Há quem tenha quase desistido de viver e há quem tenha encontrado o amor. São idosos e estão nos lares da Santa Casa da Misericórdia de Alhos Vedros. Histórias de quem está a viver na última morada.
A rotina é sempre igual. Todos os dias no Lar São José Operário, na Baixa da Banheira, a partir das seis da manhã, é tempo de começar a dar banho aos idosos mais dependentes. “Pode parecer cruel começarmos tão cedo, mas de outra forma não seria possível tratarmos de todos a tempo do pequeno-almoço”, explica Sónia Sena, a directora do estabelecimento.

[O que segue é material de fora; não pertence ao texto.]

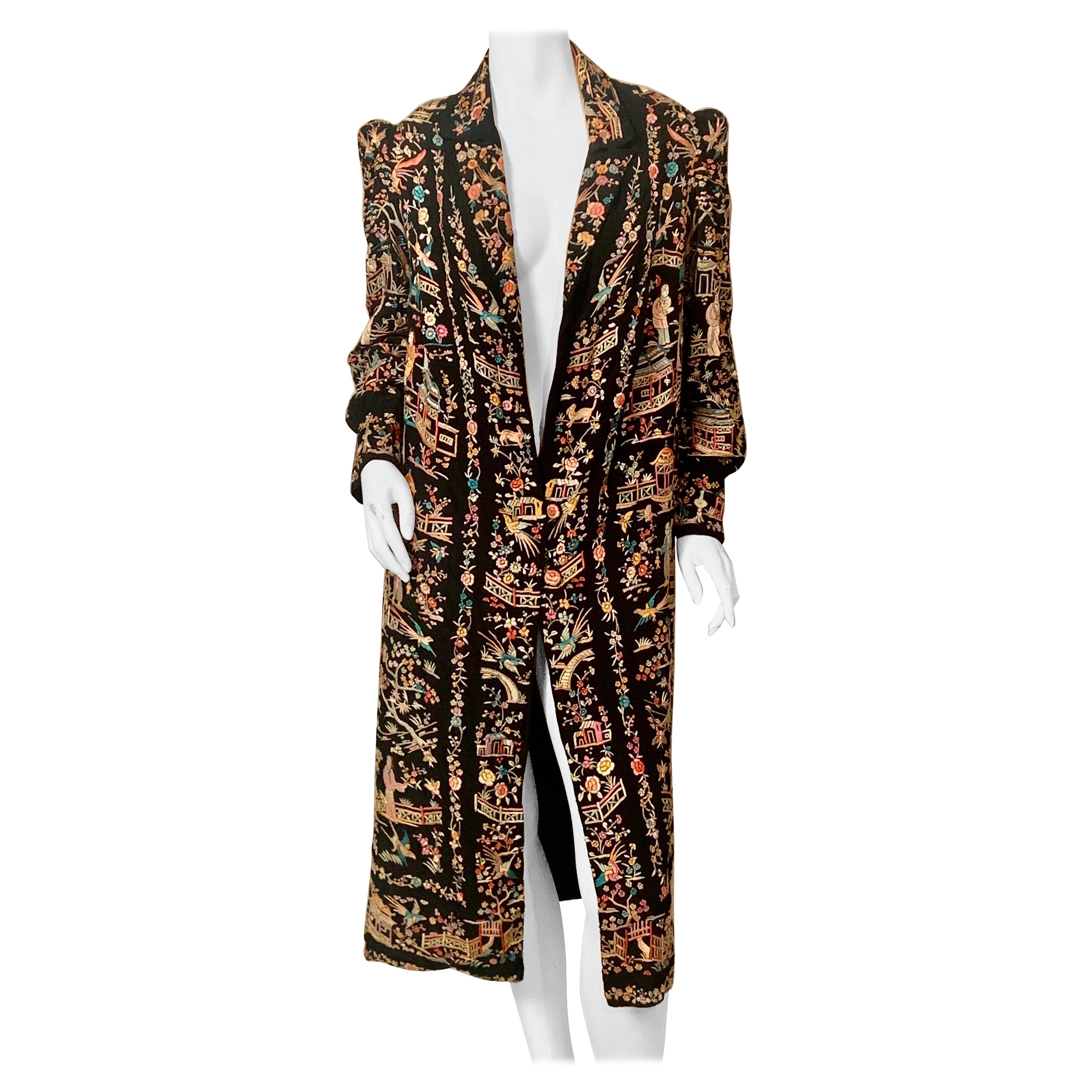 1920's Chinese Hand Embroidered Silk Coat
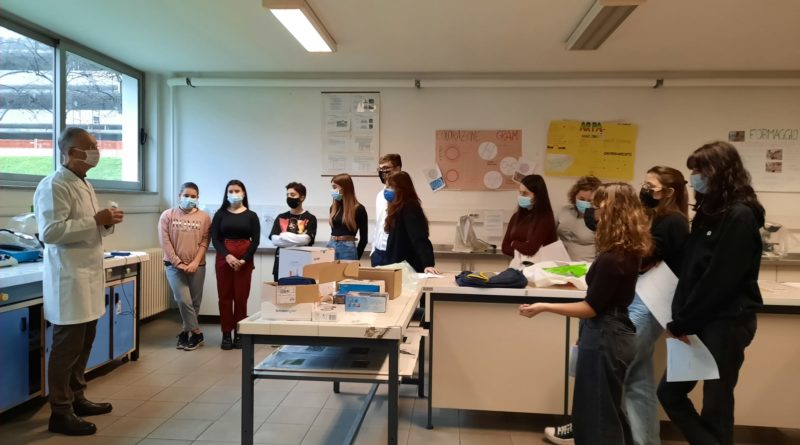 1 - La preparazione della parte pratica, gestita dagli studenti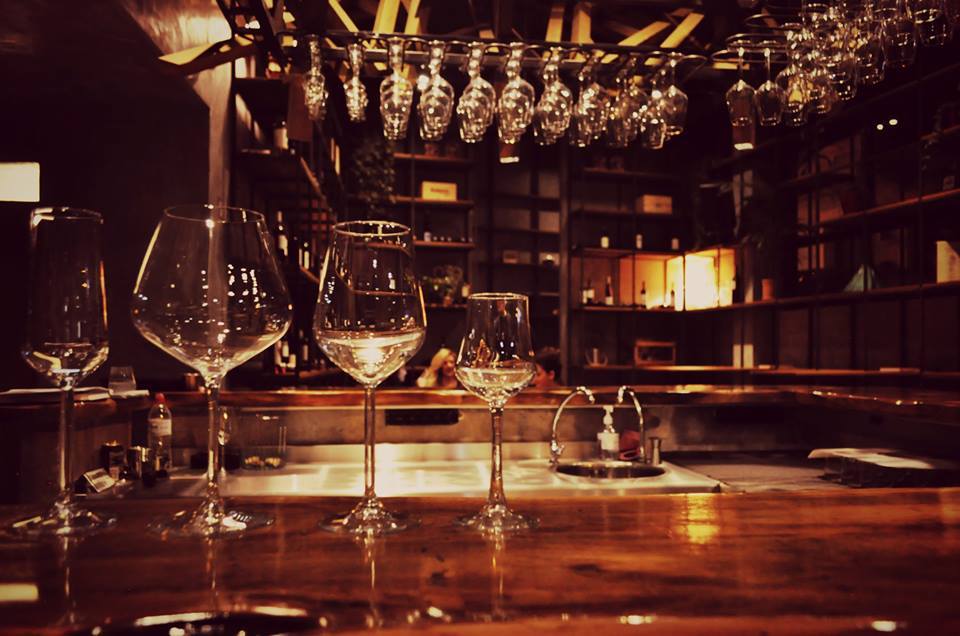 Divino Το wine bar στο Θησείο με τις 60 ετικέτες κρασιών και το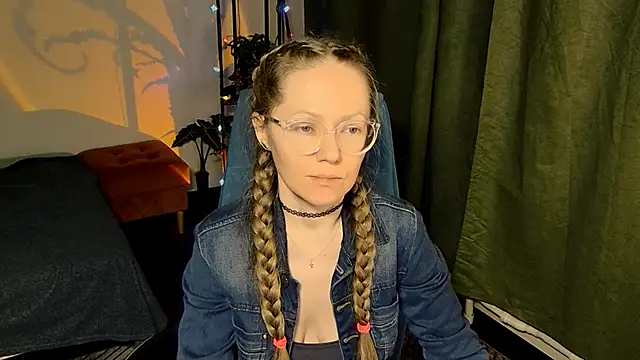  Goldilocks  online show from October 7, 2025, 4:08 pm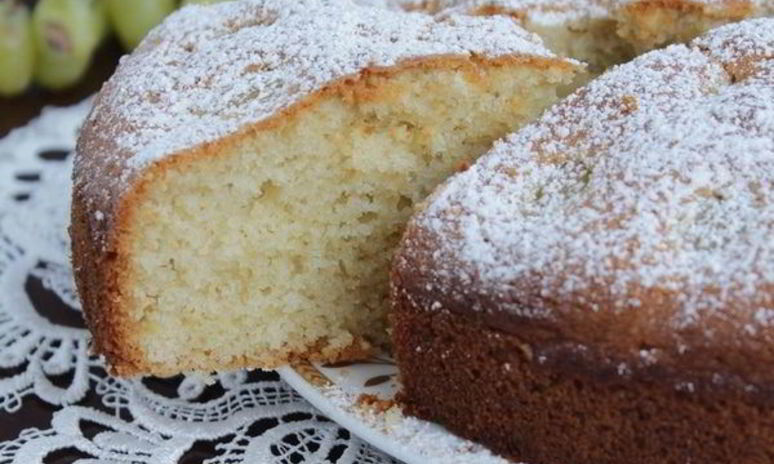 Рецепт миндального кекса с виноградом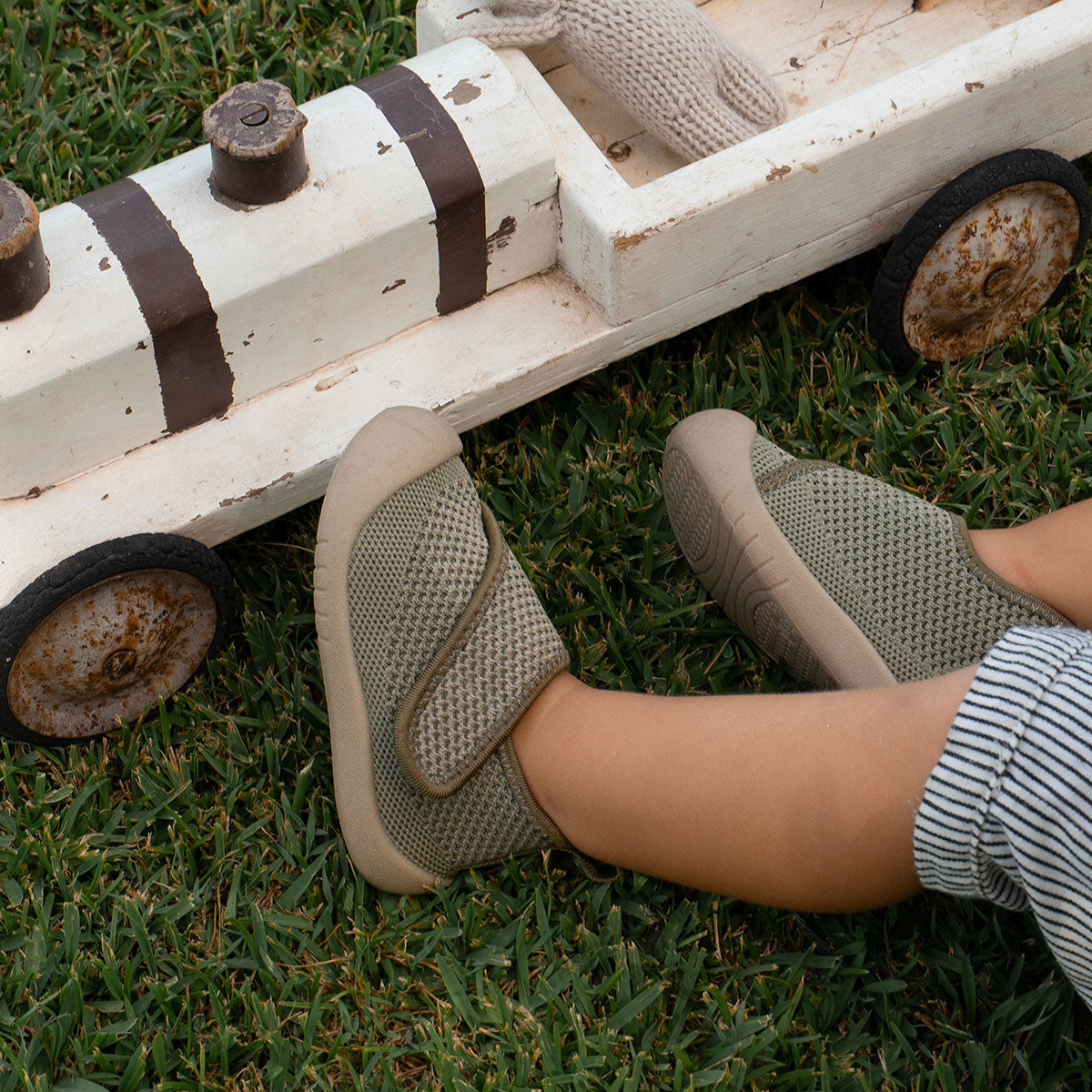 Duckies Velcro Olive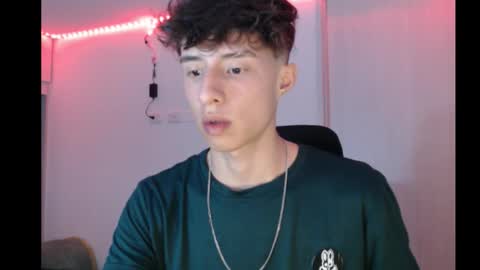 Snapshot of juanmres chatting on November 2025 04:11:02 AM juanmres online show from November 2025 04:11:02 AM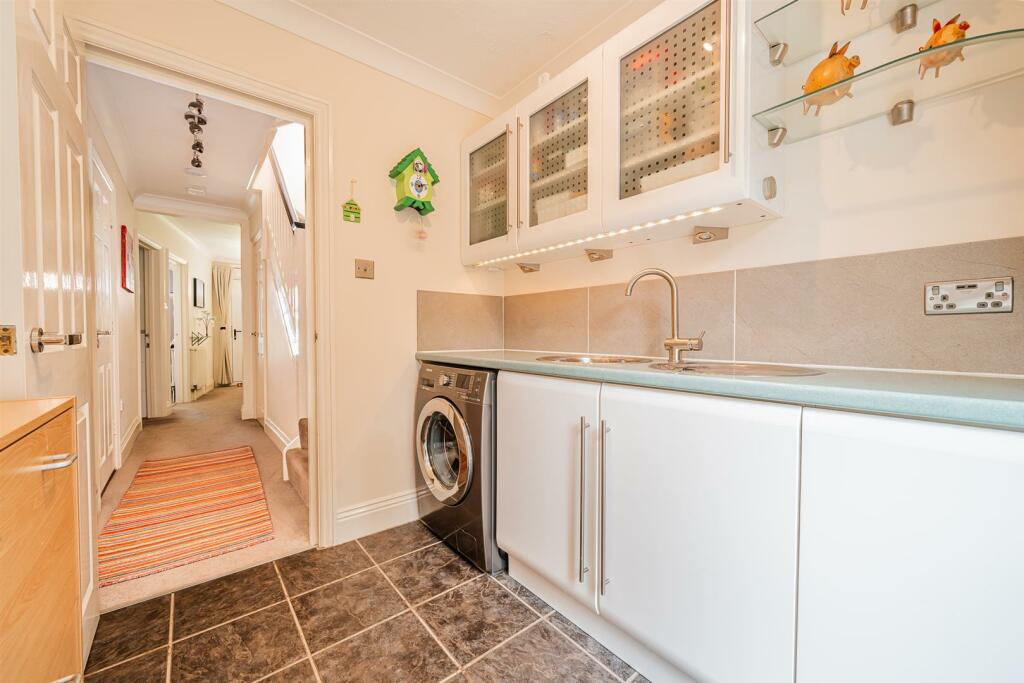 Additional image 25 of Holly Lodge, Lindsay Road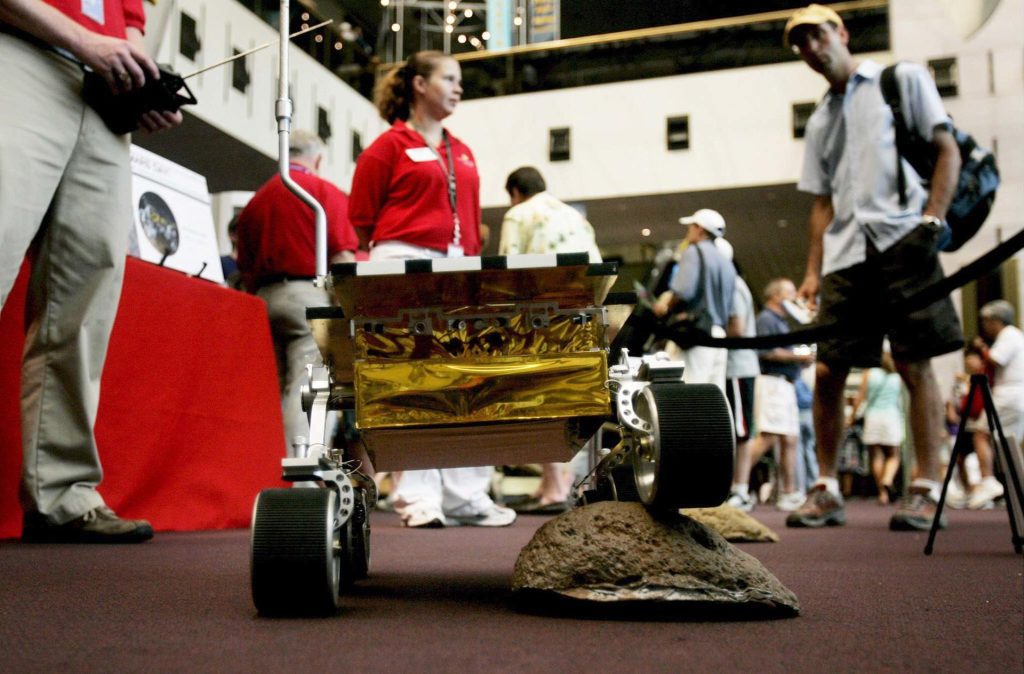 Unos visitantes observan el robot "Sojourner Rover" en Washington DC. EFE/Archivo/Stefan Zaklin.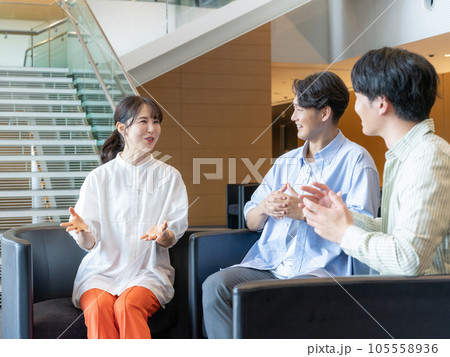 グループワーク セミナー 会話する若い男女 グループワーク セミナー 会話する若い男女 105558936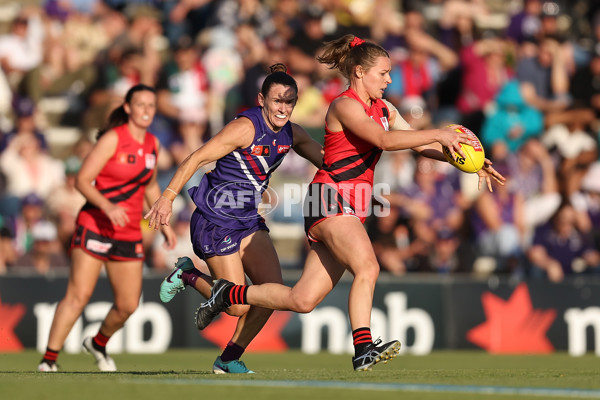 AFLW 2024 First Elimination Final - Fremantle v Essendon - A-55657557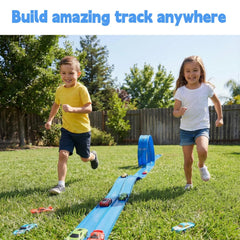 Powerful stunt car action complements the RuoKmaxx track.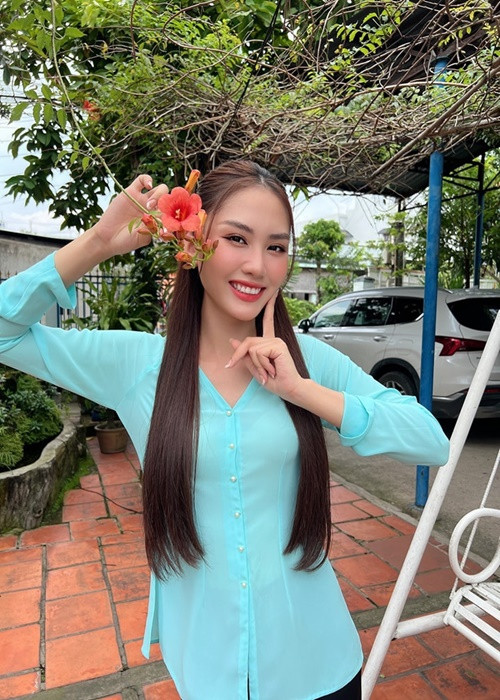 Mai Phương thích hát, nhảy, chơi đàn.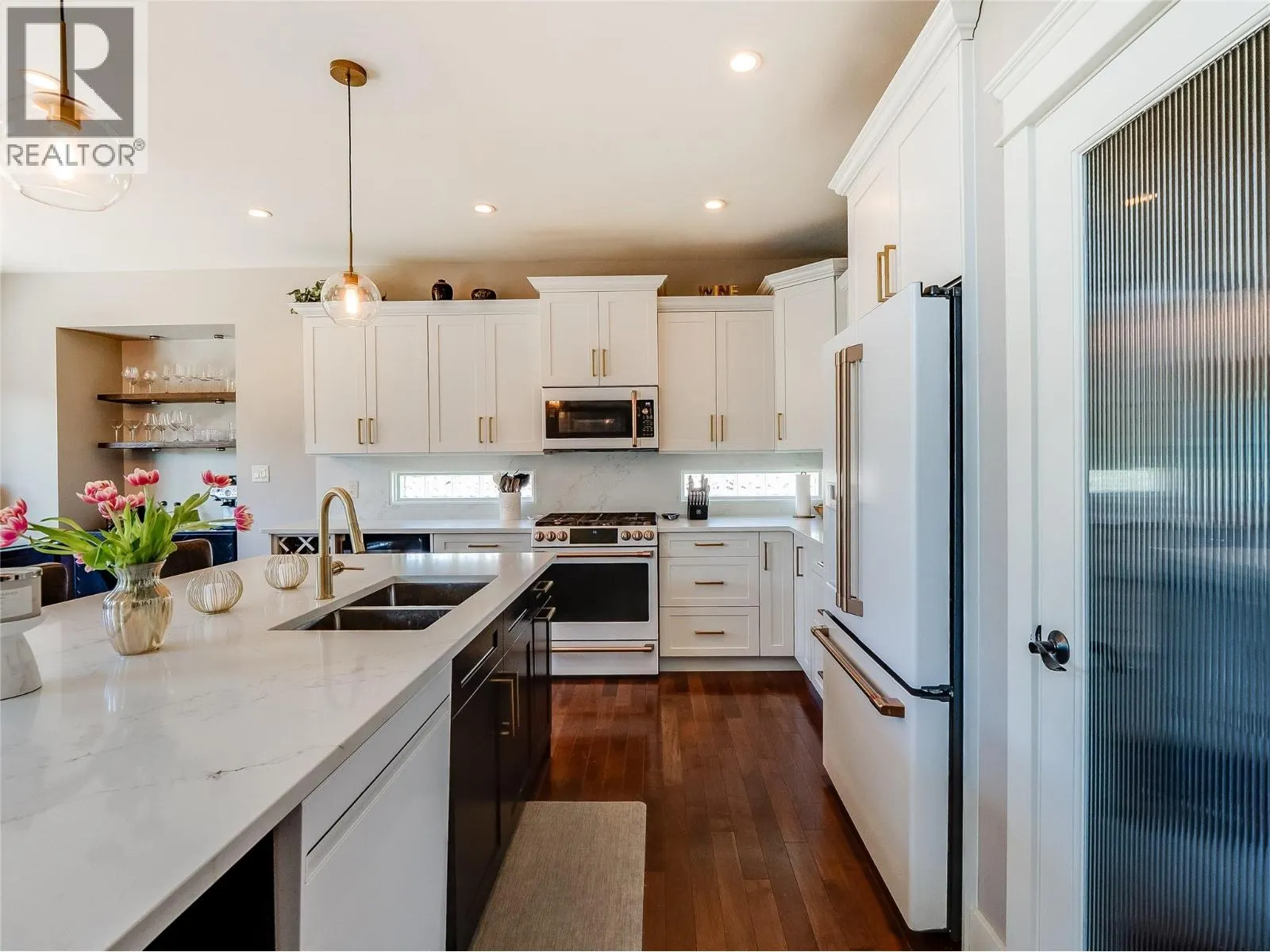 943 Riverview Place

José Teles, de 85 anos, vai aproveitando os últimos momentos de preguiça debaixo dos cobertores. Dali a pouco chegará uma auxiliar para lavá-lo e vesti-lo. “Não é que não consiga tomar banho sozinho, mas prefiro assim”, conta entre sorrisos. “Há quem tenha vergonha, mas eu não me importo nada de me despir em frente a elas; a minha mãe também me dava banho em criança”. José partilha o quarto com a mulher, que chegou ao lar anos antes. Um dia achou que estava na hora que também tratassem dele. “Cheguei há dois meses e estou a adorar. Às vezes a minha mulher não me deixa dormir por causa da doença dela, mas sabe, estamos casados há 66 anos e nunca houve uma noite que nos deitássemos zangados”.
Nos corredores a azáfama começa a sentir-se. Enquanto umas auxiliares vão tratando da higiene dos idosos, outras vão tratando da primeira refeição do dia. Ouvem-se diálogos sem sentido, gritos, frases descoordenadas. Os mais lúcidos escutam e impacientam-se. “Passa o dia nisto, a tentar dar de comer à boneca”, conta Carolina Maia, 77 anos. Ao lado uma senhora vai vestindo uma boneca com um vestido vermelho. Dentro dele coloca uma bolacha Maria. Repete o gesto ininterruptamente, enquanto não se senta à mesa. Nessa altura partilhará a sua comida com a pequena amiga, por muito que a boneca não colabore.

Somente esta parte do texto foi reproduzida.